(Dataset items)
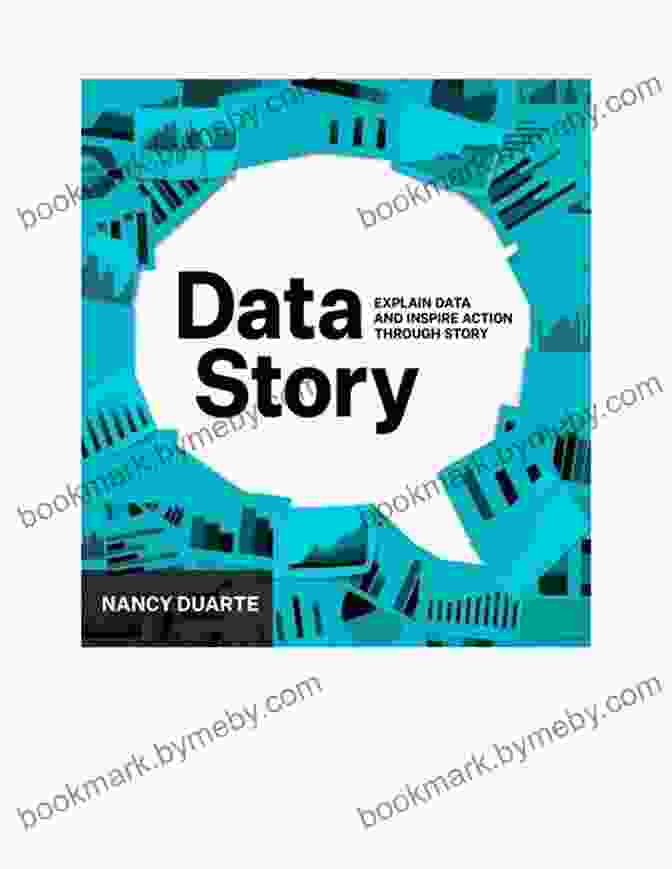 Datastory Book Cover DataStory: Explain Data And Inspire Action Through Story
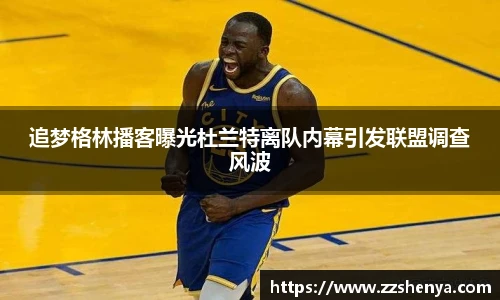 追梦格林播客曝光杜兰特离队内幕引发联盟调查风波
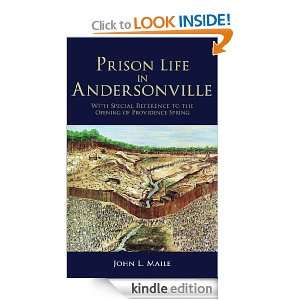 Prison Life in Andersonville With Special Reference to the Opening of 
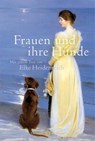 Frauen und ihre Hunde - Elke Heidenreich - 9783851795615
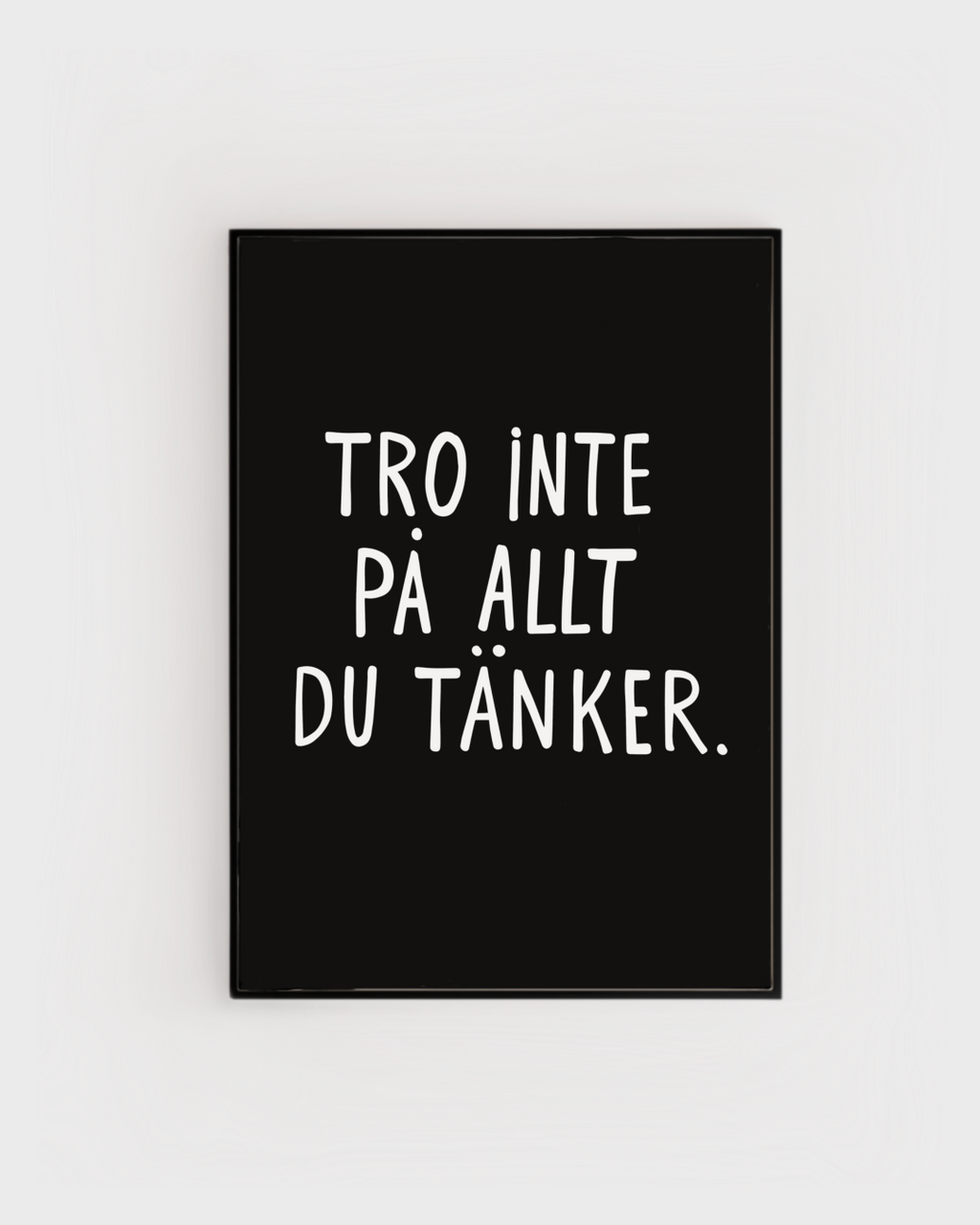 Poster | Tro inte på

---

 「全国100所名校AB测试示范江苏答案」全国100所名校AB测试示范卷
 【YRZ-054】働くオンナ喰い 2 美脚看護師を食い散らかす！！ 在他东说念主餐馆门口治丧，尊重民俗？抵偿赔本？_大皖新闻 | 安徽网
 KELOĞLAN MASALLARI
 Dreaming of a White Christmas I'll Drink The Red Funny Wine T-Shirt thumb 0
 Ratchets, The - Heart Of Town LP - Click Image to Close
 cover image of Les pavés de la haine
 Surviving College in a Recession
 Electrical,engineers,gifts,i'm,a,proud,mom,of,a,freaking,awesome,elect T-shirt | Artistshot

What needs to be done
Leave out every line above except those from the line with "Surviving College in a Recession" up to and including the line with "T-shirt | Artistshot", and copy those exactly.

Solution
 Surviving College in a Recession
 Electrical,engineers,gifts,i'm,a,proud,mom,of,a,freaking,awesome,elect T-shirt | Artistshot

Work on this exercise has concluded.